> _ENTRIES PROVIDED_:

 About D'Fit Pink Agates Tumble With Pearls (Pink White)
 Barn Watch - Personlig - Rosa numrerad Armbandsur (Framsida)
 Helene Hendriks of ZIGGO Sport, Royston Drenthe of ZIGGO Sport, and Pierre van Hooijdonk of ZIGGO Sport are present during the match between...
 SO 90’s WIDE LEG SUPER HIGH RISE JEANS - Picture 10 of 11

* * *

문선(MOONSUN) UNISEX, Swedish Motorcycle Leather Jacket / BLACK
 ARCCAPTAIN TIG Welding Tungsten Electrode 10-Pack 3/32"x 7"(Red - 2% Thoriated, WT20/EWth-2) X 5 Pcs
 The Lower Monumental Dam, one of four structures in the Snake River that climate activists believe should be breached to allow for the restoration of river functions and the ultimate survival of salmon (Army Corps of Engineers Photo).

==

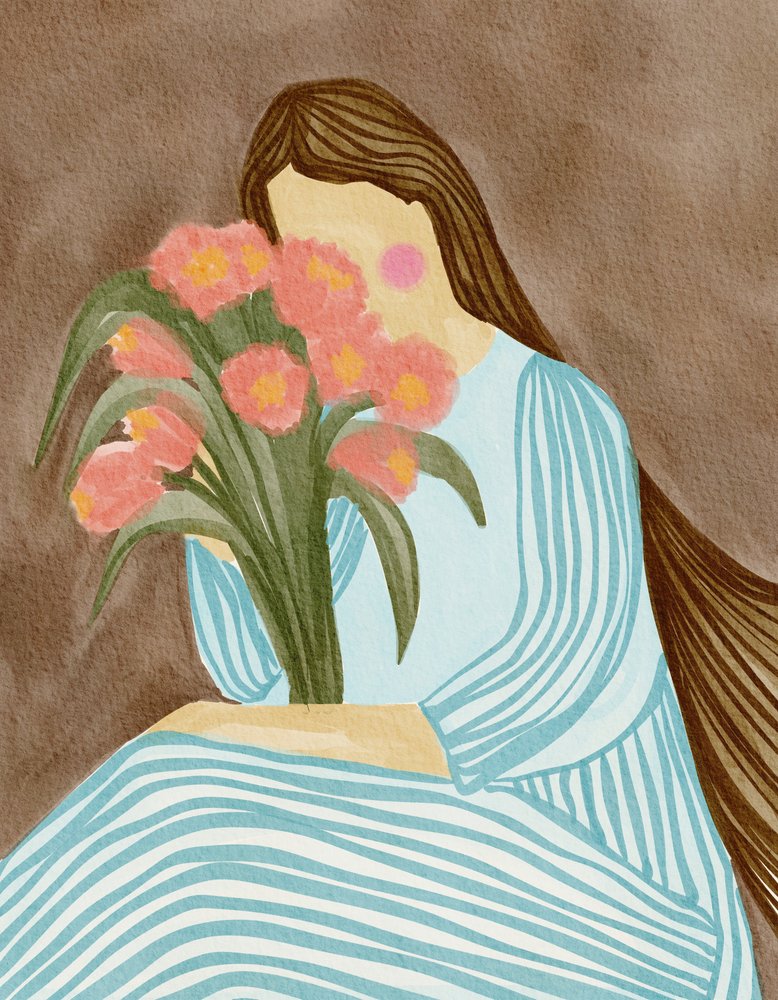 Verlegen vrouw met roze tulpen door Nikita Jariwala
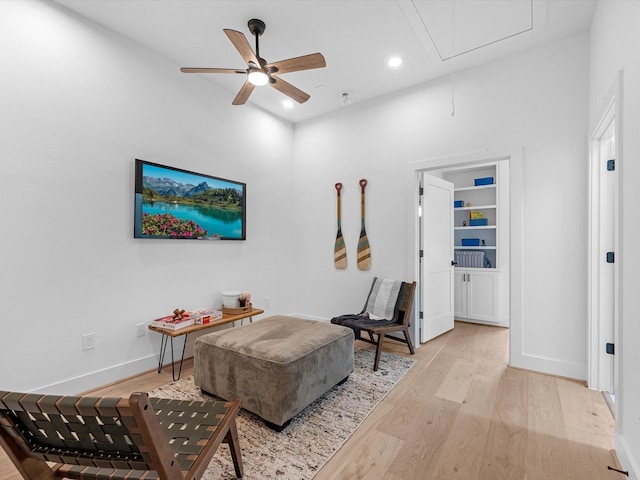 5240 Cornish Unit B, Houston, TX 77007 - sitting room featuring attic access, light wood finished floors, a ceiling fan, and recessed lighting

> _WHAT YOU WILL DO_: Reproduce, exactly as they stand in the data above, the lines from the one that holds "문선(MOONSUN) UNISEX, Swedish" to the one that holds "The Lower Monumental", inclusive.

> _RESPONSE TO THE TASK_:
문선(MOONSUN) UNISEX, Swedish Motorcycle Leather Jacket / BLACK
 ARCCAPTAIN TIG Welding Tungsten Electrode 10-Pack 3/32"x 7"(Red - 2% Thoriated, WT20/EWth-2) X 5 Pcs
 The Lower Monumental Dam, one of four structures in the Snake River that climate activists believe should be breached to allow for the restoration of river functions and the ultimate survival of salmon (Army Corps of Engineers Photo).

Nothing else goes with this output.